CEDEAO : vers un cadre juridique renforcé contre les activités maritimes illicites en Afrique de l’Ouest
La Communauté économique des États de l’Afrique de l’Ouest (CEDEAO) travaille à la mise en place d’un nouveau cadre juridique destiné à intensifier la lutte contre les activités maritimes illicites dans la sous-région.
Réunis à Lomé, au Togo, depuis le 28 avril 2026, des experts des ministères de la Justice des États membres examinent un projet d’acte additionnel portant sur la coopération en matière de répression des crimes maritimes.
Un arsenal juridique régional pour mieux sécuriser l’espace maritime
Malgré la baisse progressive de la piraterie dans le golfe de Guinée, l’Afrique de l’Ouest reste confrontée à plusieurs menaces maritimes, notamment :
• les vols à main armée en mer ;
• le trafic de stupéfiants ;
• la criminalité transnationale organisée ;
• les activités illicites affectant les ressources marines.

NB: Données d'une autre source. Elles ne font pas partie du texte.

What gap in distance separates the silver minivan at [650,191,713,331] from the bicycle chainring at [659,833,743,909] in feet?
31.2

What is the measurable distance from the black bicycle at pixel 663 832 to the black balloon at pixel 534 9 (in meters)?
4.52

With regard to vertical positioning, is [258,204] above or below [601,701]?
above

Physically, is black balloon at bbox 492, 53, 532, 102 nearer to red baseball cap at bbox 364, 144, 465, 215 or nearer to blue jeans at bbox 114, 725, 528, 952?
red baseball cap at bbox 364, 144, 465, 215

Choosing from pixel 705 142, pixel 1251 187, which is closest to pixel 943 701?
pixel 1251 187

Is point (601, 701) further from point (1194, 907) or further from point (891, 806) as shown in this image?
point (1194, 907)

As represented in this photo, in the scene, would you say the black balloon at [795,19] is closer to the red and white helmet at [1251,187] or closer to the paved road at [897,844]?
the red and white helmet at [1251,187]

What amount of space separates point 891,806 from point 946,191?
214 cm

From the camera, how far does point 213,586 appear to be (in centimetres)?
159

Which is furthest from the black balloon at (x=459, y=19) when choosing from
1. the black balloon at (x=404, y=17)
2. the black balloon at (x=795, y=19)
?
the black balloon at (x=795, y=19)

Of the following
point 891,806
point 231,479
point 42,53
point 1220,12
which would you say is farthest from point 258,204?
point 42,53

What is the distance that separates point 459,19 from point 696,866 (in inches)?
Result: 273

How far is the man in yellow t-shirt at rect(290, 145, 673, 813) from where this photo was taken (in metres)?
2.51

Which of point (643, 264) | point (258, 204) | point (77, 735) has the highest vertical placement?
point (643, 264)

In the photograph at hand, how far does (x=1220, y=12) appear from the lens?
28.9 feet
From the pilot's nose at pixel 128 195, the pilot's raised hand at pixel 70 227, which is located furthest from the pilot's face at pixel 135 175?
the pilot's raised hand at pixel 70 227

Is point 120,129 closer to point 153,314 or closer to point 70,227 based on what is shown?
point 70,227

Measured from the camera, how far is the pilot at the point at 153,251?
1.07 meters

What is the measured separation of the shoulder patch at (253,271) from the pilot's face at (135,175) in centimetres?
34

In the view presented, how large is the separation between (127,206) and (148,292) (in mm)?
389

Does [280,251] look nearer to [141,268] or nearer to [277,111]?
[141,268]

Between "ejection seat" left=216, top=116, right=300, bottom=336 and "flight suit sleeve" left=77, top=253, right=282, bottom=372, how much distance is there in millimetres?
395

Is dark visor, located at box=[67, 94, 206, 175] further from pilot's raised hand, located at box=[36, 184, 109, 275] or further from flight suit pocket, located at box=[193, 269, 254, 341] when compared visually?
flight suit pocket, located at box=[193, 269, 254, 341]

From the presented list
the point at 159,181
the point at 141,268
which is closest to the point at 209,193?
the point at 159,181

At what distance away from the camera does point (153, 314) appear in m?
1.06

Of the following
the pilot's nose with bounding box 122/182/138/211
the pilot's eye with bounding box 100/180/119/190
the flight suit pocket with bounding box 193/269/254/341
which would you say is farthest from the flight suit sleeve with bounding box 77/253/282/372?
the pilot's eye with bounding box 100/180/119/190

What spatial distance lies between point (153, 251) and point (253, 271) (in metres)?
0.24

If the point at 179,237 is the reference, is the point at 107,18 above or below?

Face à ces défis, la CEDEAO veut doter la région d’un cadre harmonisé permettant d’améliorer la coopération judiciaire et opérationnelle entre États membres.
L’objectif est double :
• renforcer la sécurité maritime régionale ;
• mieux protéger les ressources naturelles et les échanges économiques.
Un projet soutenu par l’ONUDC et l’Union européenne
Cette rencontre de deux jours est organisée par la Commission de la CEDEAO, en partenariat avec l’Office des Nations Unies contre la drogue et le crime (ONUDC).
Le projet bénéficie également du soutien de l’Union européenne à travers le programme Safe Seas for Africa, consacré à la sécurité maritime sur le continent.
Selon les responsables présents, ce futur instrument juridique vise à pallier :
• les insuffisances en moyens d’application de la loi ;
• le manque de coordination judiciaire régionale ;
• les contraintes liées à l’échange d’informations entre juridictions.
Entraide judiciaire, extradition et coordination des poursuites
Le ministre togolais de la Justice et des Droits de l’Homme, Pacôme Adjourouvi, a salué l’initiative, estimant qu’elle permettra de renforcer durablement l’architecture juridique régionale.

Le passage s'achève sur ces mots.